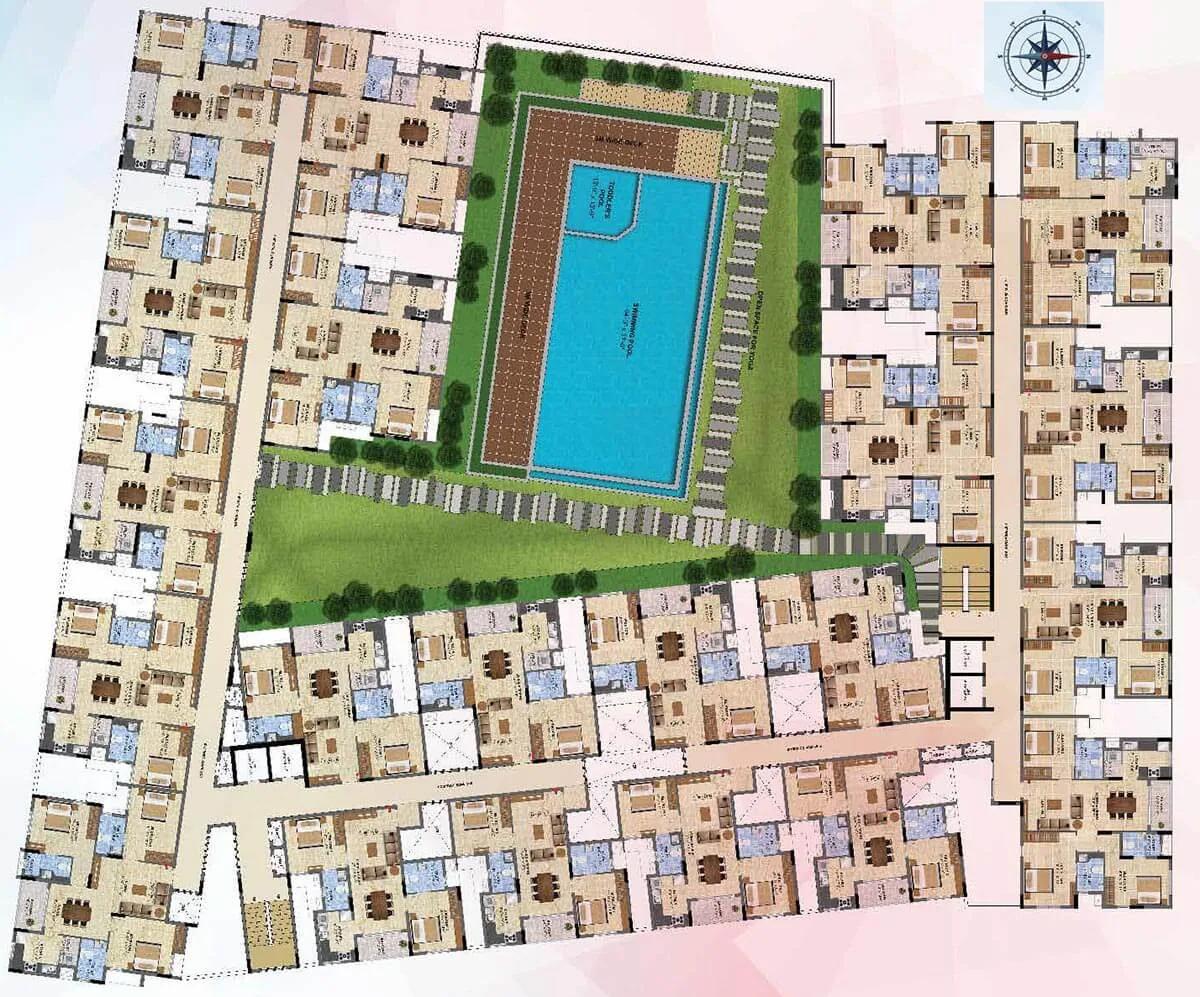Layout plan of Radiance Sapphire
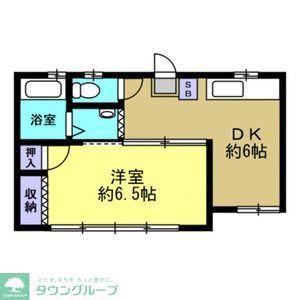 コーポエトス(1DK/1階)の間取り写真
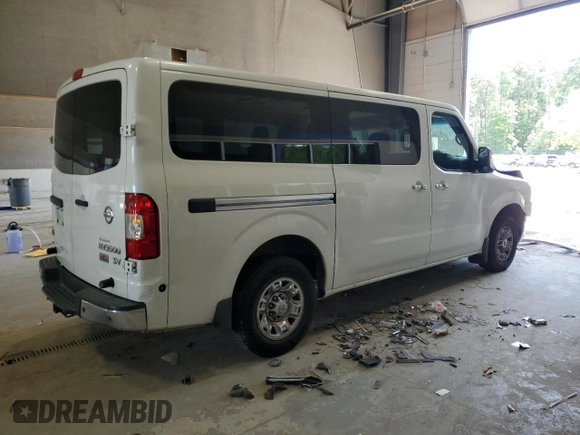 2016 Nissan NV S with VIN 5BZBF0AA5GN851741, listed as a Copart auction lot 61637615 with 212,887 mi miles and Salvage title. Bid and sale history available at DreamBid. Image 3.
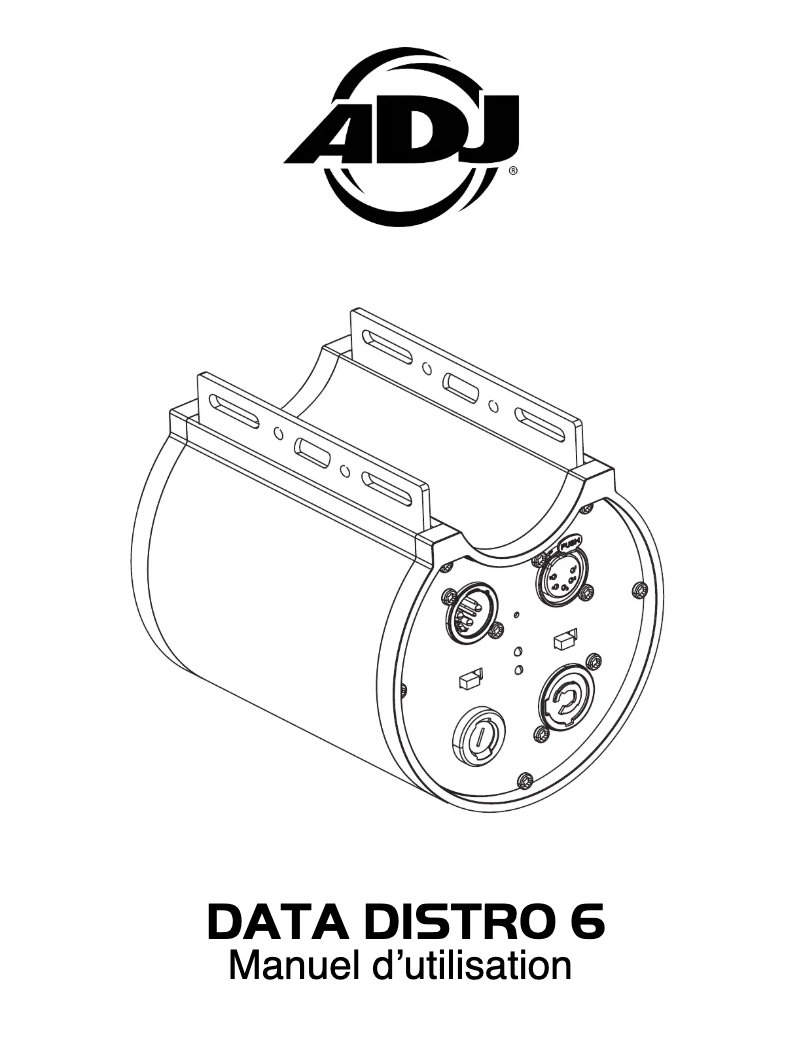 First page image of the manual for Data Distro 6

## Exercise brief
Begin at the line containing "2016 Nissan NV" and restate exactly every line through the end of the material, skipping the pictures.

## Result of this exercise
 2016 Nissan NV S with VIN 5BZBF0AA5GN851741, listed as a Copart auction lot 61637615 with 212,887 mi miles and Salvage title. Bid and sale history available at DreamBid. Image 3.
 First page image of the manual for Data Distro 6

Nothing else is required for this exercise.